January doesn’t exactly call to you. It’s easy to zone out in the numbness of these dull, dreary days. And sometimes the look of January is hardly enough to make me look up. But the sounds out there, they still work.
It’s a quiet mid-afternoon, and I try to convince myself it’s peaceful. But the mood is more like melancholy. Trees and what’s left of plants look like they’re scarcely holding on. It’s a still cold quiet void. Quiet and gray. My spirit too.
Yet, if you hang around the quiet long enough, there’s more than silence.
A subtle rippling, just audible. Water moving over stones and around bends. Gentle enough to make singular tones. Soothing, like listening from another room, while a friend strums the guitar.
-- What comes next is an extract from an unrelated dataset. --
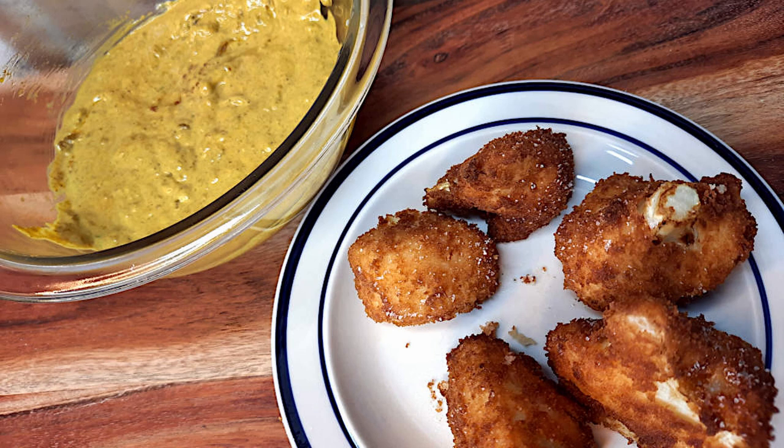Welcome back to Love Your Food. Last week we made that amazing, delicious butter chicken curry recipe, and this week we're going to use some of that curry in the curry mayo that we're making to go with these deep-fried cauliflower nuggets. We use a little bit of interesting flour on this, but here are our ingredients.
Slowly picking, one string at at time.
Then the chirps. Tiny chirps. Jays and towhees. Cardinals, for sure. Their winter tones are sweet and relaxed now. Comfortable, less commanding, less stressed, almost purposeless. Not the loud complicated spring show-off mating songs or the summer alarms and calls. It’s soft and gentle. As if they’re going about life, hunting the brush for a meal or snack, and mindlessly humming.
There’s been too much gray. Too much cloudy. I’d rather have snow. But we get comfort where we can. And January brings a quiet comfort. If nothing else, it brings quiet. Quiet intersecting lonely intersecting reassurance. A kind of hushed reassurance.